What needs to be done
Could you report every line of the listing below that holds the word "Plastic"?

Records for this task
⁂

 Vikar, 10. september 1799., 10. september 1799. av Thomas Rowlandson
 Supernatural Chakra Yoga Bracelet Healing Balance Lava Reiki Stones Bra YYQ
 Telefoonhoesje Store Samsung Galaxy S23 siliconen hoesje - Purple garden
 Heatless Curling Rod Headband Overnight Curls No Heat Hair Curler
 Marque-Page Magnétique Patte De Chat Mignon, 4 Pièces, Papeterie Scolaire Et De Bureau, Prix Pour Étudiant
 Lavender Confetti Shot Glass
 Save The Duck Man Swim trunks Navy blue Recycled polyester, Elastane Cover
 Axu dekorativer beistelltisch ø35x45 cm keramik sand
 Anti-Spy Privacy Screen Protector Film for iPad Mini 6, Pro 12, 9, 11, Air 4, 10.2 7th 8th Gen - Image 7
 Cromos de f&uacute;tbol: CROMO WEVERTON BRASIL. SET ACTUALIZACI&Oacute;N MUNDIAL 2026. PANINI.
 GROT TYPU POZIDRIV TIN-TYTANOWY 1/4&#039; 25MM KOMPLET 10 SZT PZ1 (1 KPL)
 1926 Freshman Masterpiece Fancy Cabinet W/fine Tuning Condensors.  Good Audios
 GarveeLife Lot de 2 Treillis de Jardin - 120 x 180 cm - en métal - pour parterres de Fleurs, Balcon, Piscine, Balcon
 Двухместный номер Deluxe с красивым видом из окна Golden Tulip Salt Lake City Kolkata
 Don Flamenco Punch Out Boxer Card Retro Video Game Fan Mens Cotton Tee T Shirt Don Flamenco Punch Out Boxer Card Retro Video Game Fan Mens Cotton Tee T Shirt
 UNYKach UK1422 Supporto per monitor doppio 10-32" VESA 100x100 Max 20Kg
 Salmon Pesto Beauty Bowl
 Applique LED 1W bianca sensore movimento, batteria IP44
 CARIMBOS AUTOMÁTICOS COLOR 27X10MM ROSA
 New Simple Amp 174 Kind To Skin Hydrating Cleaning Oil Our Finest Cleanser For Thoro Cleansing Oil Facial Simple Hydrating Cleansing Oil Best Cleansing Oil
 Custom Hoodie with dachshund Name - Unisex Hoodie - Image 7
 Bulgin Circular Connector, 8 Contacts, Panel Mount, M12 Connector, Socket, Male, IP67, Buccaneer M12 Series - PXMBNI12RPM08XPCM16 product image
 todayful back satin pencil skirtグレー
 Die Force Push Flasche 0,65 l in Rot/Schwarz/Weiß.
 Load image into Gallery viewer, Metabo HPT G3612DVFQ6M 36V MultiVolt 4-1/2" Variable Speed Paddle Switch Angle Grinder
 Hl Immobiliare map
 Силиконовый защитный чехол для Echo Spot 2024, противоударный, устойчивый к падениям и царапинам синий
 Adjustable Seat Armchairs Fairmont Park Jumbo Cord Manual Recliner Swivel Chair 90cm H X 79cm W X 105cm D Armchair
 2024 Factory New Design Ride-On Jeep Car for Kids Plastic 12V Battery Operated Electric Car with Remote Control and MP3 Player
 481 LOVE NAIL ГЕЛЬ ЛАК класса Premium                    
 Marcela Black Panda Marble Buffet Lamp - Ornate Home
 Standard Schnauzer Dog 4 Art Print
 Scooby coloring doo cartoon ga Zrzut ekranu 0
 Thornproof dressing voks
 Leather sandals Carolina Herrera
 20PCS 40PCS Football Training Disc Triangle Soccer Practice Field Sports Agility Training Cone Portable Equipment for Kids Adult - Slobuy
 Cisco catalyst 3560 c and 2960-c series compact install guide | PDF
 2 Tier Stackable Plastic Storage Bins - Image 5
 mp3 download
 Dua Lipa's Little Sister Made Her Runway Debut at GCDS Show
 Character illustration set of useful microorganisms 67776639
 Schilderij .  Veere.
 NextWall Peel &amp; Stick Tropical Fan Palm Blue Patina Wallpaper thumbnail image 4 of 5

⁂

Output for this exercise
 2024 Factory New Design Ride-On Jeep Car for Kids Plastic 12V Battery Operated Electric Car with Remote Control and MP3 Player
 2 Tier Stackable Plastic Storage Bins - Image 5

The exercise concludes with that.